**What you have to do:** If a record contains a picture, leave the picture out and reproduce everything else exactly.

___ Supplied entries

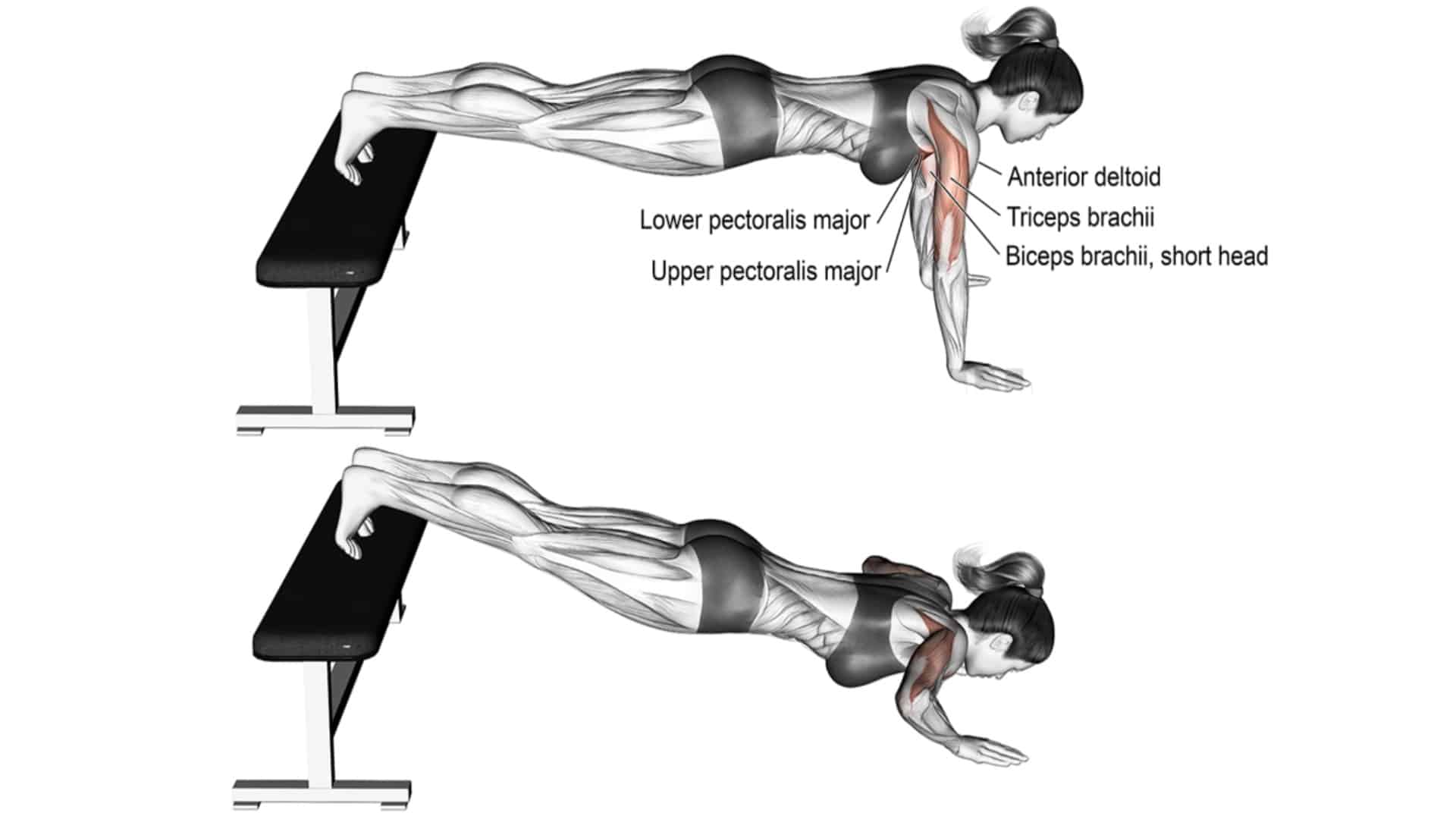 Push Ups How To Muscle Worked Benefit Variations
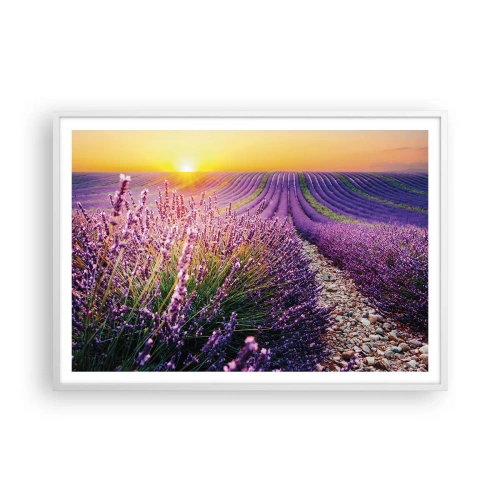Poster in white frmae - Fragrant Field - 100x70 cm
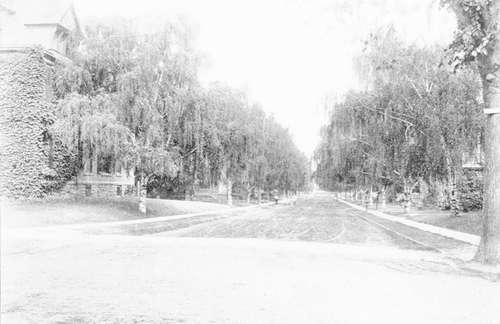 White Birches. Rochester, N. V.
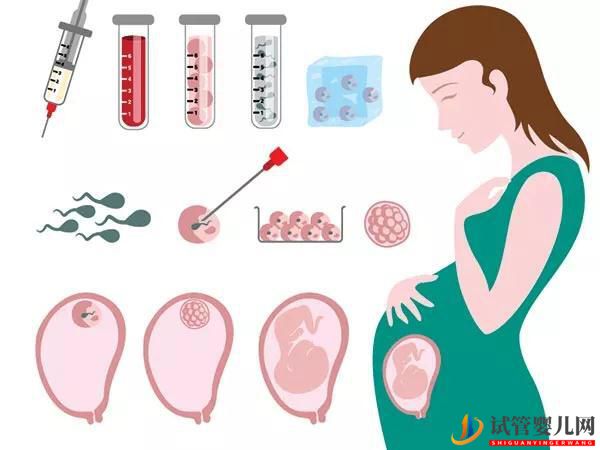 做試管嬰兒，胚胎移植前后要注意什么？(圖2)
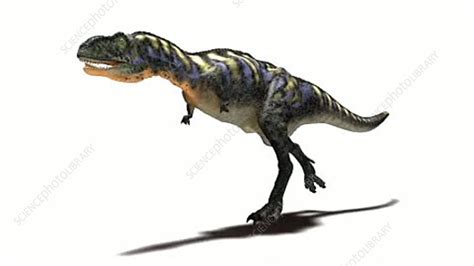 Aucasaurus Dinosaur Running Stock Video Clip K Science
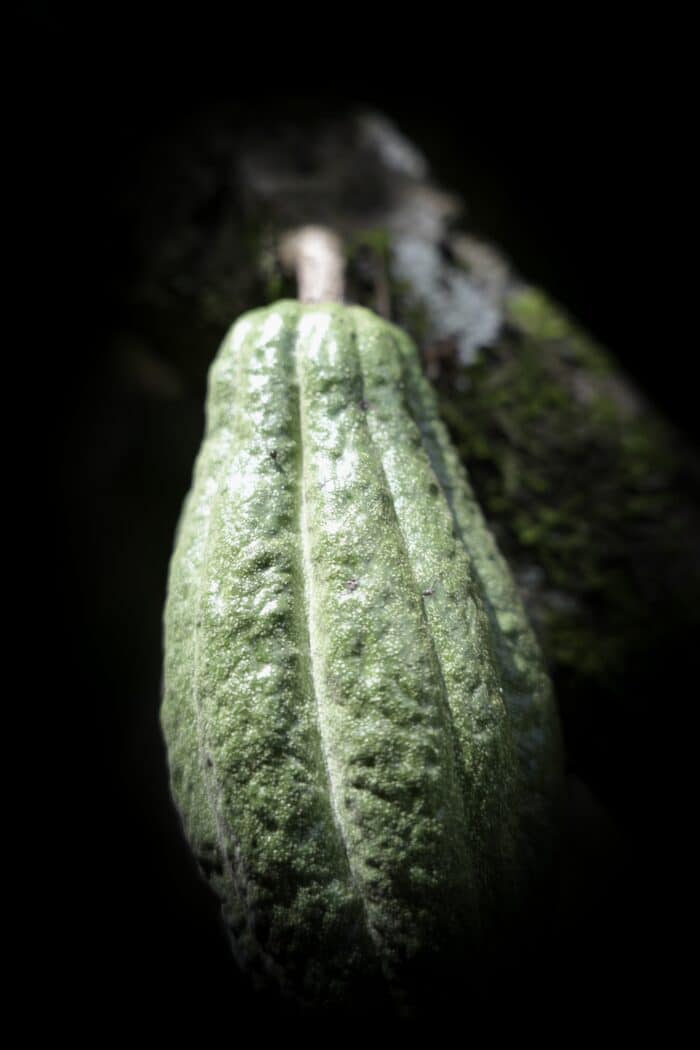 UGANDA - MUKALI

______

**Reply to the task:**
 Push Ups How To Muscle Worked Benefit Variations
Poster in white frmae - Fragrant Field - 100x70 cm
 White Birches. Rochester, N. V.
 做試管嬰兒，胚胎移植前后要注意什么？(圖2)
 Aucasaurus Dinosaur Running Stock Video Clip K Science
 UGANDA - MUKALI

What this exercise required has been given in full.